The ultimate goals of a new "National Energy Policy" should be economic growth and consumer freedom of choice. Unfortunately, versions of the energy bill currently being debated in Congress include some economically harmful proposals designed to appease certain politically powerful constituencies.
The most harmful provisions include greenhouse gas emissions limits, renewable energy mandates and increased fuel economy standards. If enacted, these regulations would retard economic growth and reduce consumer choice. Proponents of the theory that human activities (primarily energy use) are causing global warming are attempting to use the energy bill as a vehicle to restrict greenhouse gas emissions.
George W. Bush announced early in his presidency that the United States would not implement the Kyoto Protocol for the control of greenhouse gas emissions.

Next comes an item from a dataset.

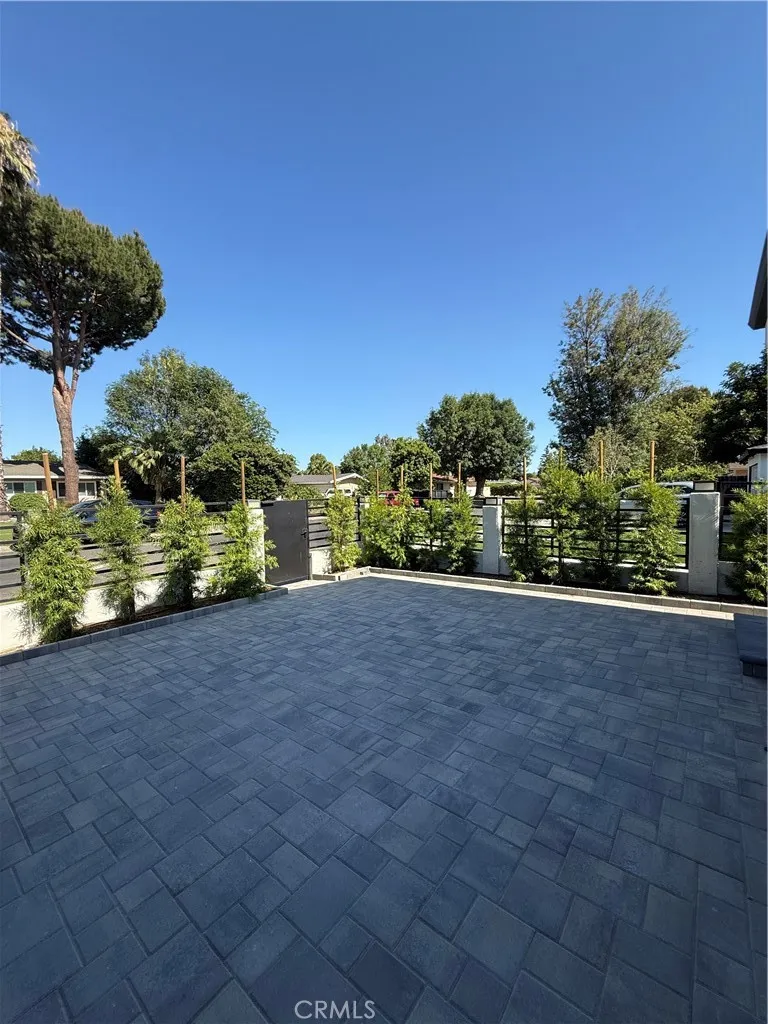 8613 Oakdale Avenue Winnetka, CA 91306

Since then, a number of legislators have attempted to attach climate change provisions to energy legislation. They would set mandatory caps on carbon dioxide emissions from power plants or cut greenhouse gas emissions through a system of government credits to encourage early action by industry or both.
Although all mammals exhale CO2, one proposal would treat CO2 as an air pollutant like mercury, nitrogen oxide and sulfur dioxide -- which are regulated by the Environmental Protection Agency. It would require that power plants reduce the emissions of these gases via a "cap and trade" mechanism. This means setting a cap on total emissions and auctioning CO2 emissions allowances to energy producing firms that could use them or trade the allowances.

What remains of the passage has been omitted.